**** Exercise data ****

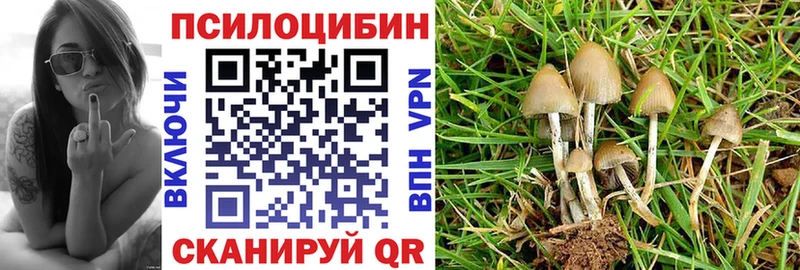 купить   Бикин  Галлюциногенные грибы мухоморы 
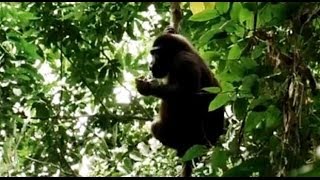 Gestion durable des forêts dans le Bassin du Congo (AFD) 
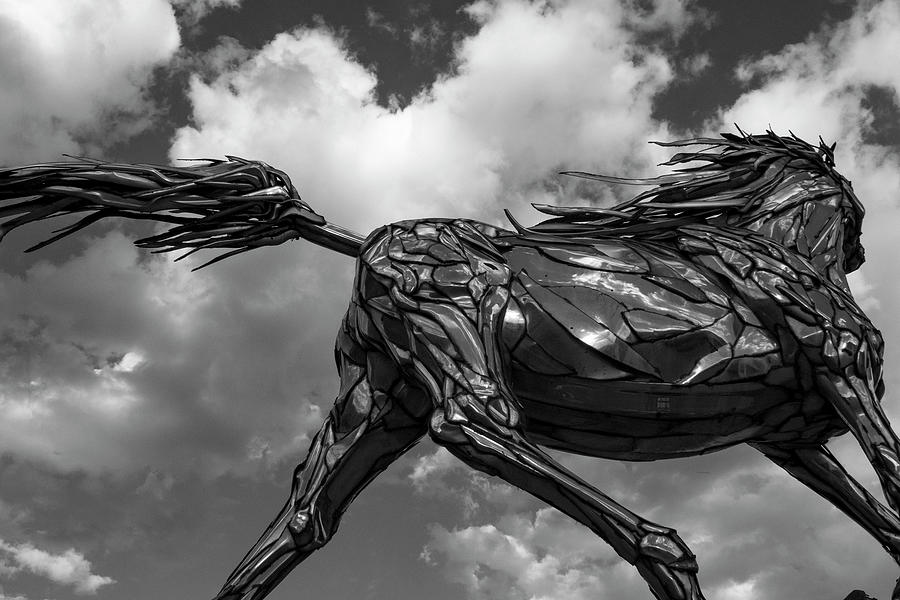 Metal Horse Photograph by Gregg Crow Fine Art America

****

- Problem description -
Every line from the one with "Gestion durable des" through the last line of the data must be copied exactly. Leave the pictures out.

- Response for this exercise -
 Gestion durable des forêts dans le Bassin du Congo (AFD) 
 Metal Horse Photograph by Gregg Crow Fine Art America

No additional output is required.